Does pageable memory have higher memory consumption than pinned memory?

As articles say, pageable memory incurs 2 copies: 1) from pagable memory to pinned memory 2) from pinned memory to a device.
Since pageable memory means there are pinned pages as well (as intermediary) does it mean that (using pagable memory) consumes double of what just pinned allocation would consume? Thanks!

When transferring data from / to pageable memory, a relatively small fixed-size pinned-memory buffer allocated by the CUDA driver is used to facilitate DMA transfers. So larger transfers will be broken up into multiple chunks by the driver. It is reasonable to expect that the size of this buffer can and does change with driver version. Last time I tried to determine its size through microbenchmarking several years ago I think I found that it was 4 MB in size, but my memory is vague.

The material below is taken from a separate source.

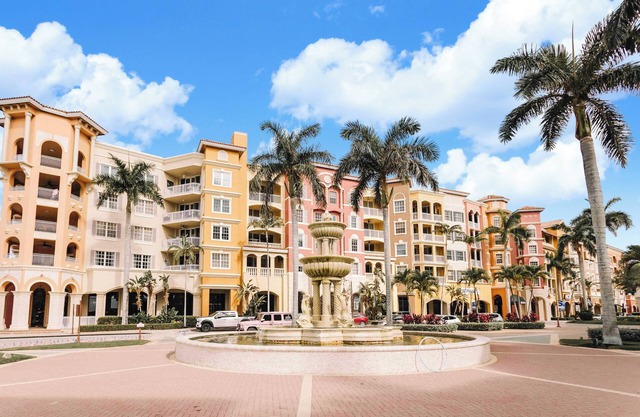 Luxury 2 Bed 2 Bath Penthouse Bayfront Condo off 5th Avenue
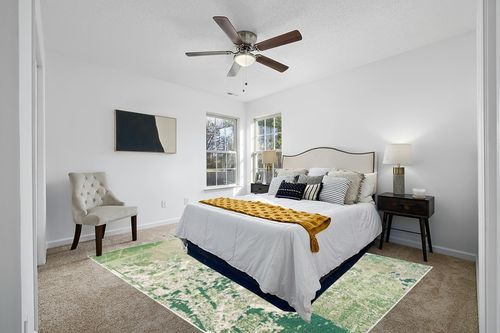 SAFAVIEH Madison Collection Area Rug - 8' x 10', Green & Ivory, Modern Abstract Design, Non-Shedding & Easy Care, Ideal for High Traffic Areas in Living Room, Bedroom (MAD499Y) in White and Yellow Modern Bedroom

Is it just one pinned buffer that allocated/deallocated only once? Or the driver needs to allocate as many pinned pages as there are host pages to copy?

As far as I know, a single buffer allocated once. But I haven’t tested an exhaustive list of scenarios. Maybe it is one buffer per GPU, or two buffers per GPU, one per transfer direction (since PCIe is a full duplex interconnect). In any event, a small fixed amount of buffer space allocated by the driver and used for the lifetime of the driver until it gets unloaded.

Use cases differ, but as long as the host system has a sufficient amount of bandwidth, the performance benefit from using pinned memory instead of pageable memory is quite moderate. This used to be different in the past, when some system memories could barely keep up with a single PCIe gen3 x16 connection operating at full speed.

Since modern operating systems are built around paging, pinning allocations is somewhat anathema to them, so my approach is to use simple pageable memory unless the use of pinned memory is essential to meet performance objectives.